BEGIN DATASET SECTION

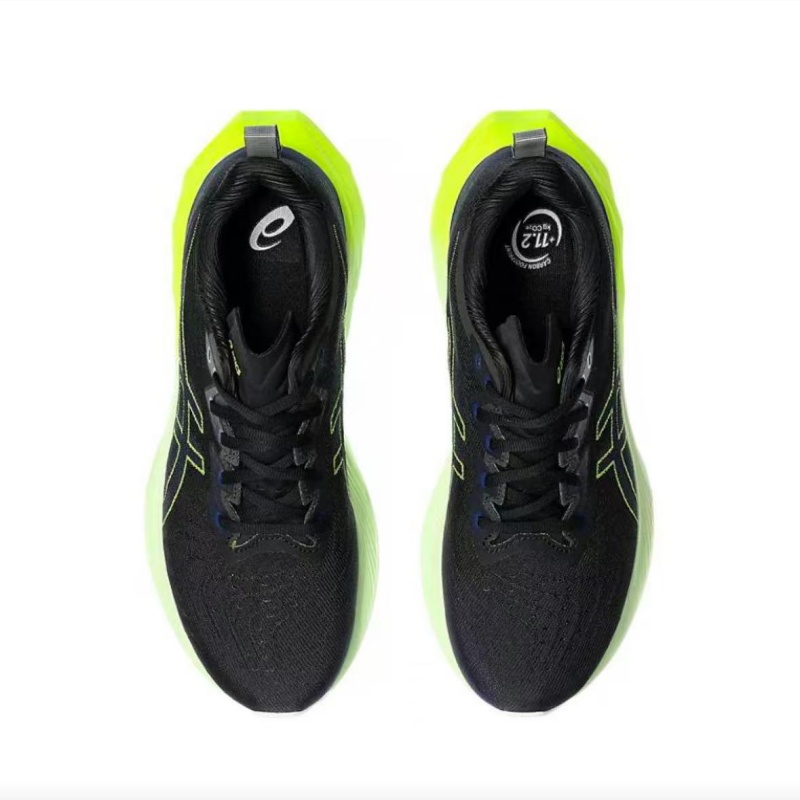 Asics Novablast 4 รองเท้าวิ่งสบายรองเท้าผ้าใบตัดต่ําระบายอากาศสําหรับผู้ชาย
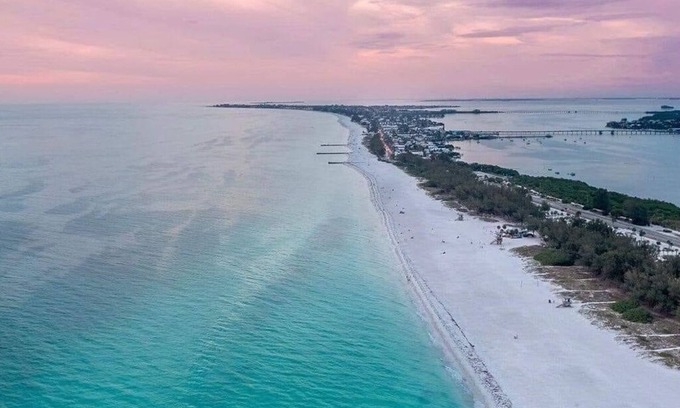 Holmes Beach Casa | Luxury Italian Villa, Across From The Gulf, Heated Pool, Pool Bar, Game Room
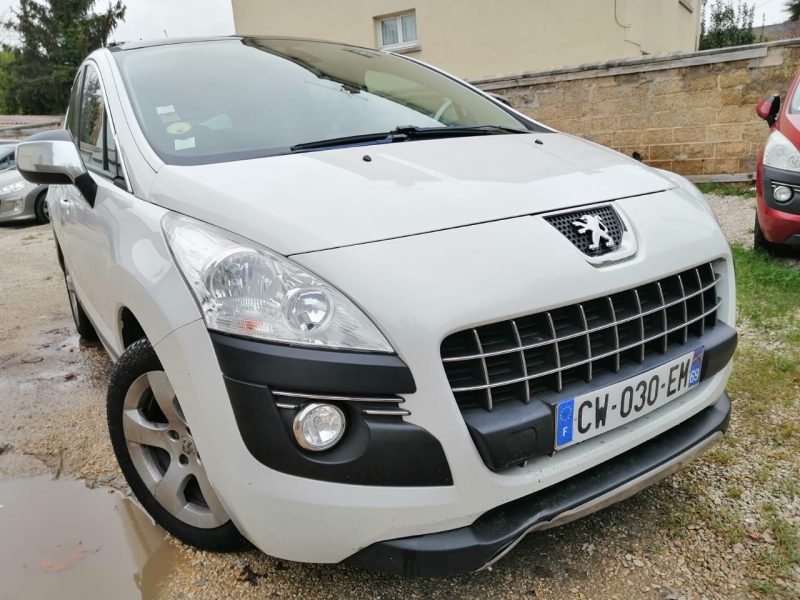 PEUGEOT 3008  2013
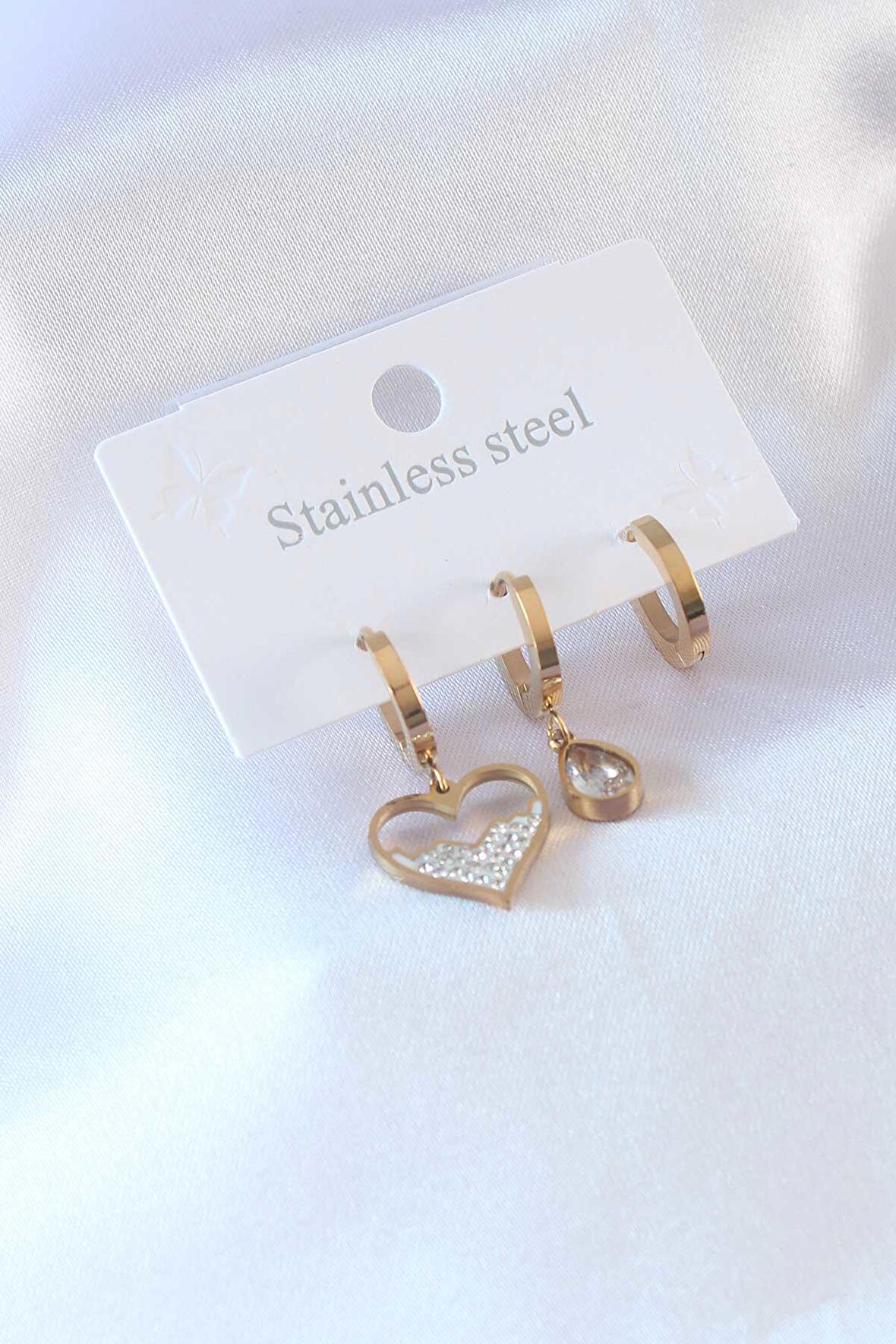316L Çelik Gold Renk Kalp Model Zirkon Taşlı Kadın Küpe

END DATASET SECTION

## PROBLEM STATEMENT
Please output the listing above in full, exactly as given, without its images.

## THE ANSWER
 Asics Novablast 4 รองเท้าวิ่งสบายรองเท้าผ้าใบตัดต่ําระบายอากาศสําหรับผู้ชาย
 Holmes Beach Casa | Luxury Italian Villa, Across From The Gulf, Heated Pool, Pool Bar, Game Room
 PEUGEOT 3008  2013
316L Çelik Gold Renk Kalp Model Zirkon Taşlı Kadın Küpe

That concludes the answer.